All statistical analyses were conducted using IBM SPSS Statistics ver. 20.0 (IBM Inc., Armonk, NY, USA) and R software, version 3.3.2 (R Foundation for Statistical Computing, Vienna, Austria). All tests were 2-sided and P-value of less than 0.05 was considered statistically significant. Graphs were created using GraphPad Prism software version 7.0 for Windows (GraphPad Software Inc., CA, USA). All experiments were performed in triplicates or more. All quantitative data are expressed as mean ± standard deviation.

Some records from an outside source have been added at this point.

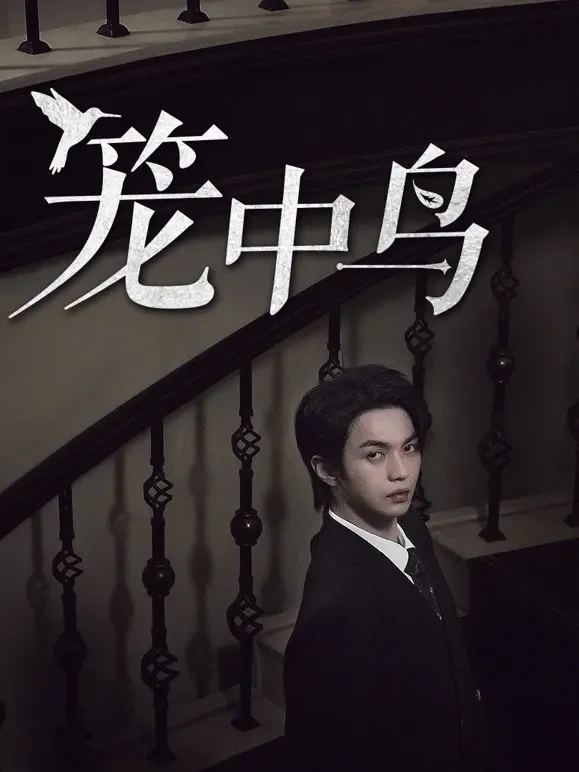 笼中鸟短剧海报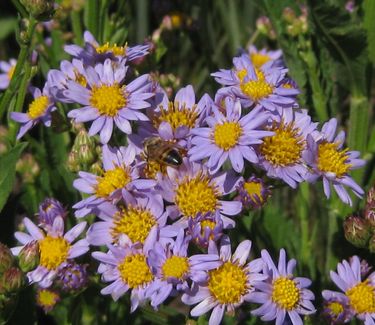 Aster tataricus Jin-dai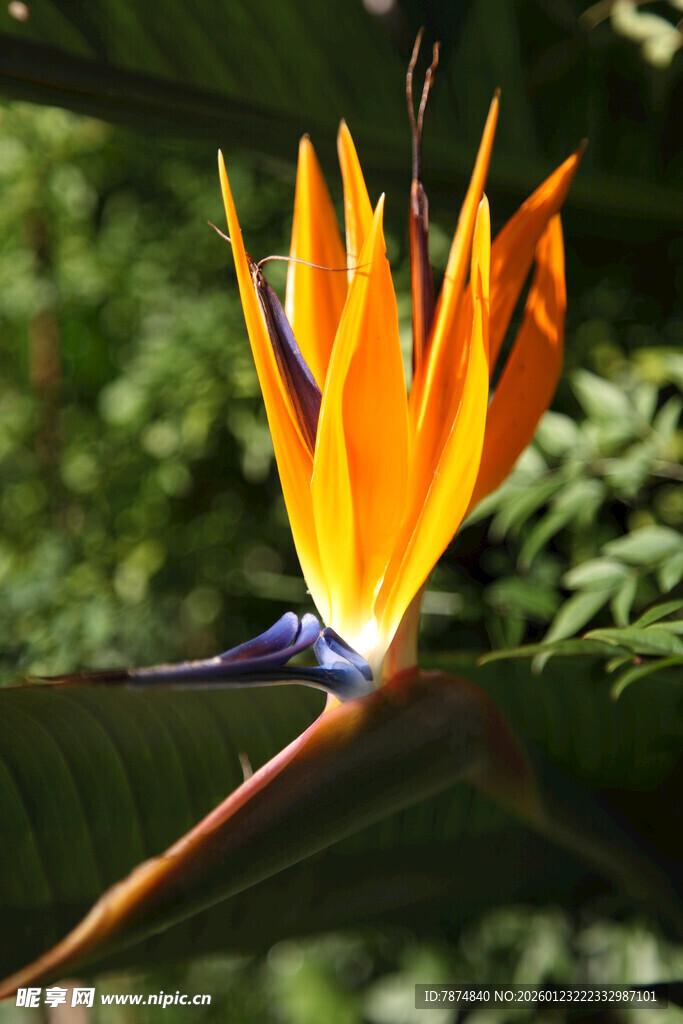 艳丽鹤望兰绽放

MCF-7 showed only ER expression while SK-BR-3 and HCC-1954 showed only HER2 expression based on Western blot (Fig. 1A). BT-474 showed both ER and HER2 expression. MDA-MB-231 and MDA-DB-468 showed neither ER nor HER2 expression. These 2 cell lines are known to be TNBCs. MDA-MB-231 showed higher expression of Bcl-2 compared to MDA-MB-468. Although MDA-MB-231 showed weaker expression of Bcl-xL, expression levels of Bcl-w were similar. Both MDA-MB-231 and MDA-MB-468 showed biphasic responses to treatment with docetaxel. Although they were initially sensitive to the drug at concentrations up to 0.1 µM, they showed resistance to the drug at concentration of 1 µM or higher (Fig. 1B, Supplementary Table 1). At all concentrations, cell viability of MDA-MD-231 was significantly higher compared to that of MDA-MB-468 (all P < 0.05). Both cell lines showed dose-dependent sensitivities to treatment with ABT-737 (Fig. 1C, Supplementary Table 1). Cell viabilities were the same after treatment with 1 µM of ABT-737. While MDA-MB-231 showed higher (P = 0.003) cell viability after treatment with ABT-737 at concentration of 0.1 µM, it showed lower cell viability after treatment with ABT-737 at concentration between 5 and 20 µM compared to MDA-MB-468 (all P < 0.05).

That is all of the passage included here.